## Directions for this task
Nothing but the lines from the one containing "Sulama kanalında aranan" to the final line of the entries should appear, copied exactly and without pictures.

Captioned web images
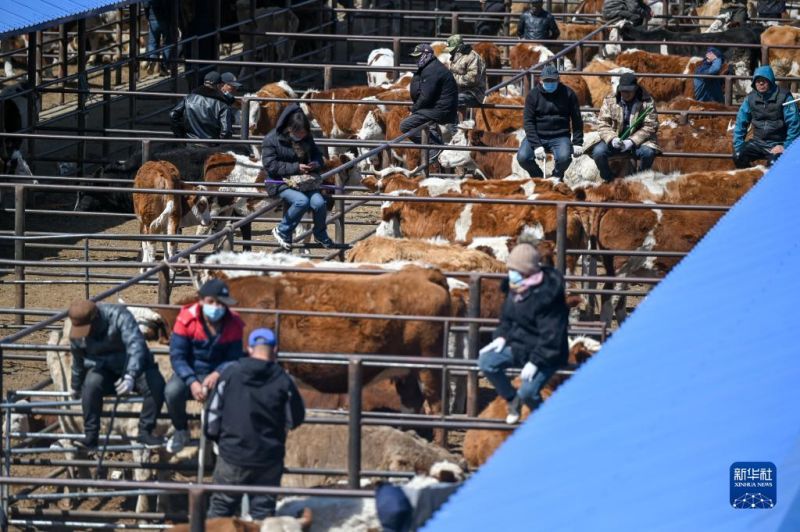 Mongolie intérieure : le marché animé aux bestiaux?à Tongliao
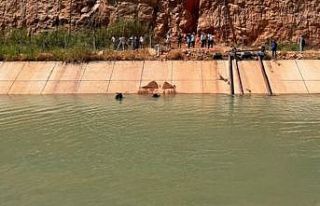 Sulama kanalında aranan kardeşlerden ikincisinin...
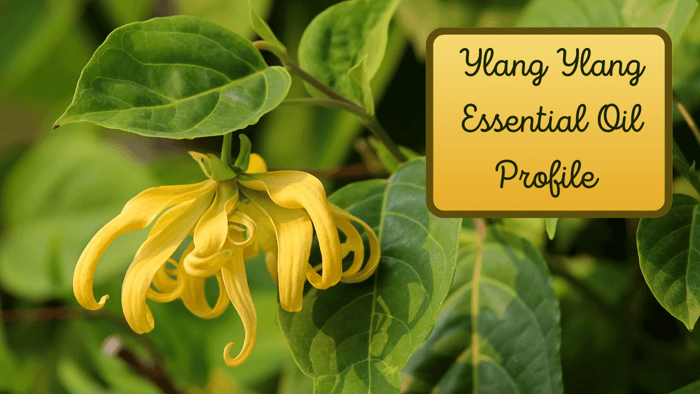 Ylang Ylang Extra Essential Oil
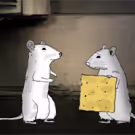 HBO to Present ANIMALS, Featuring Voices of Nick Kroll, Molly Shannon & More, 2/5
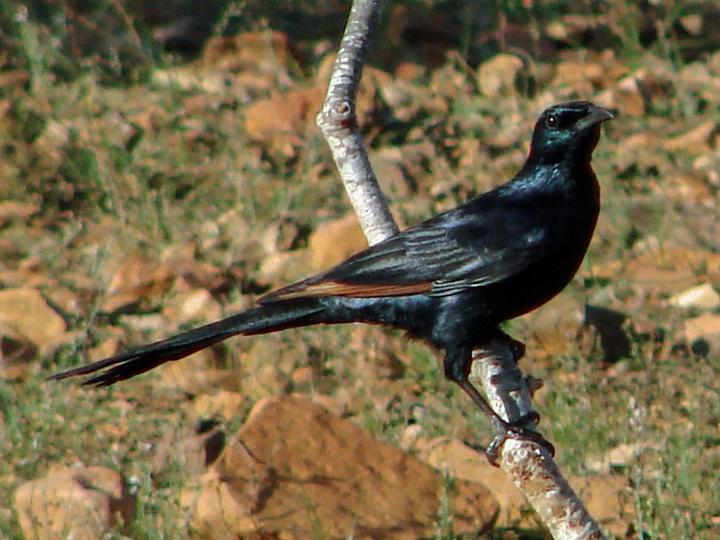 Socotra Starling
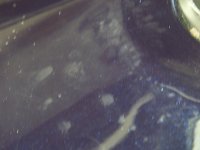 pict0008.jpg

## Solution to the exercise
 Sulama kanalında aranan kardeşlerden ikincisinin...
 Ylang Ylang Extra Essential Oil
 HBO to Present ANIMALS, Featuring Voices of Nick Kroll, Molly Shannon & More, 2/5
 Socotra Starling
 pict0008.jpg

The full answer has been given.